Vu la procédure suivante :
Procédure contentieuse antérieure :
La société à responsabilité limitée Sport Passion a demandé au tribunal administratif de Marseille d'annuler l'arrêté du 29 mai 2013 par lequel le maire de la commune du Rove l'a mise en demeure de réaliser une étude acoustique, a prescrit la fermeture les dimanches et jours fériés et a fixé des horaires quotidiens d'ouverture du circuit de karting qu'elle exploite.
Par un jugement n° 1303830 du 24 novembre 2015, le tribunal administratif de Marseille a annulé l'arrêté du maire du Rove du 29 mai 2013.

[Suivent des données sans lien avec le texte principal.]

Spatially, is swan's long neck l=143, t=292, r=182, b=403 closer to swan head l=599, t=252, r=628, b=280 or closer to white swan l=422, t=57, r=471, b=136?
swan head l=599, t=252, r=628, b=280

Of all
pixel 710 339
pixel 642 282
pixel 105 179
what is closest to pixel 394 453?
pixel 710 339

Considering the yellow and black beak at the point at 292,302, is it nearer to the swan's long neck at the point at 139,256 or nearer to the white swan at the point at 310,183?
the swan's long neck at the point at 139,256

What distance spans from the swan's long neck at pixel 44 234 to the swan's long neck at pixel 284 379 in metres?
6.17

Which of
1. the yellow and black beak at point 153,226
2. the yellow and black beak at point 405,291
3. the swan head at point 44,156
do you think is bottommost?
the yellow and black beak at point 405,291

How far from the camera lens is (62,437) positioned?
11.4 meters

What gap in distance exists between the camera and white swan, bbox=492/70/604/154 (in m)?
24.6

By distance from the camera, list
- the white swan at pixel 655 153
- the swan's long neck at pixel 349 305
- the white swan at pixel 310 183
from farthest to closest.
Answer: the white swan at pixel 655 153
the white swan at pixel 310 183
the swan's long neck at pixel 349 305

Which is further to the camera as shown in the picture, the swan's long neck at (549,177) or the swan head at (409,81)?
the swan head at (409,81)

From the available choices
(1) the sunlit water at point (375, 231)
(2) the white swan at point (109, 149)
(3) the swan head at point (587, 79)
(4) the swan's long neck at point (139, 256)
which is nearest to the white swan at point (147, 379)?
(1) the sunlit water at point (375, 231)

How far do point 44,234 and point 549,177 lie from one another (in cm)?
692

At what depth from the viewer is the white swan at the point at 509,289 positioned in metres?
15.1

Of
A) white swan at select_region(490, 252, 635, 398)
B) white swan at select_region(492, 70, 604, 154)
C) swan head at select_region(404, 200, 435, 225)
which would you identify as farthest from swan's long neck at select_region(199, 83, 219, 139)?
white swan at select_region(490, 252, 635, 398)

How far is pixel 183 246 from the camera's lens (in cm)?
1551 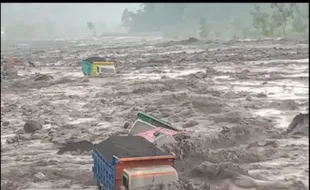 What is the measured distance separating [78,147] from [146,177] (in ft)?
12.2

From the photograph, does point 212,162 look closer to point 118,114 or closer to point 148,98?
point 118,114

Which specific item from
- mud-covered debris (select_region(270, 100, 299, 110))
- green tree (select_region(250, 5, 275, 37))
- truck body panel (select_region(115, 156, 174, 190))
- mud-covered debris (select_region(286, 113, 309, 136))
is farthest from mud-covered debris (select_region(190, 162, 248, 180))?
green tree (select_region(250, 5, 275, 37))

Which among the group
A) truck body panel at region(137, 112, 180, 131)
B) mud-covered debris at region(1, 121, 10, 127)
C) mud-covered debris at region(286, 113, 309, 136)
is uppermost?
truck body panel at region(137, 112, 180, 131)

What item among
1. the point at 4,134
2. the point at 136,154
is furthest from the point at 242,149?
the point at 4,134

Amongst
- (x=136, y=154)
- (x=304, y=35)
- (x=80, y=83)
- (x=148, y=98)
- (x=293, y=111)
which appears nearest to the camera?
(x=136, y=154)

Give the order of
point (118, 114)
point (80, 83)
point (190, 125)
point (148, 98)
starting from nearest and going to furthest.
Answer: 1. point (190, 125)
2. point (118, 114)
3. point (148, 98)
4. point (80, 83)

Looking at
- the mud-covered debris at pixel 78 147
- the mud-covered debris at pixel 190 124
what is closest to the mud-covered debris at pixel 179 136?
the mud-covered debris at pixel 78 147

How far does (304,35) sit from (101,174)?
41.9 metres

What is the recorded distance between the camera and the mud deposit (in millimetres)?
7000

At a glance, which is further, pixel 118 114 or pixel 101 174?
pixel 118 114

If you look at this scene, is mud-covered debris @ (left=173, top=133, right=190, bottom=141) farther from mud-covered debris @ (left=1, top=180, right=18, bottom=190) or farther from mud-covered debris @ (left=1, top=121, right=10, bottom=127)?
mud-covered debris @ (left=1, top=121, right=10, bottom=127)

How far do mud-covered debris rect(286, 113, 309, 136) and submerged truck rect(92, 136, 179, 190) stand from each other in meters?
3.81

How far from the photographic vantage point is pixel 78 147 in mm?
8727

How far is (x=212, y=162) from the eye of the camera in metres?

Procédure devant la Cour :
Par une requête et un mémoire enregistrés les 25 janvier 2016 et 12 janvier 2017, la commune du Rove représentée par la SCP Roustan-Béridot, demande à la Cour :
1°) d'annuler ce jugement du tribunal administratif de Marseille du 24 novembre 2015 ;
2°) de mettre à la charge de la SARL Sport Passion le versement d'une somme de 3 000 euros en application de l'article L. 761-1 du code de justice administrative.
Elle soutient que :
- le pouvoir de police générale du maire s'appliquait du fait de l'insuffisance du règlement de police spéciale établi par la fédération française de sport automobile ;
- le règlement de la fédération ne fixe aucune limite pour les émergences sonores ;
- l'article L. 1311-2 du code de la santé publique donne en outre compétence au maire pour compléter les dispositions réglementaires nationales de lutte contre les bruits de voisinage en vue d'assurer la protection de la tranquillité publique dans sa commune ;
- l'arrêté du préfet des Bouches-du-Rhône du 23 octobre 2012 sur la lutte contre le bruit prévoit que le maire peut demander aux exploitants de fournir une étude acoustique ;
- le maire était fondé à user de son pouvoir de police pour pallier la carence du préfet dans l'arrêté du 24 mai 2013 homologuant le circuit qui ne comporte pas de prescriptions permettant de préserver la tranquillité publique.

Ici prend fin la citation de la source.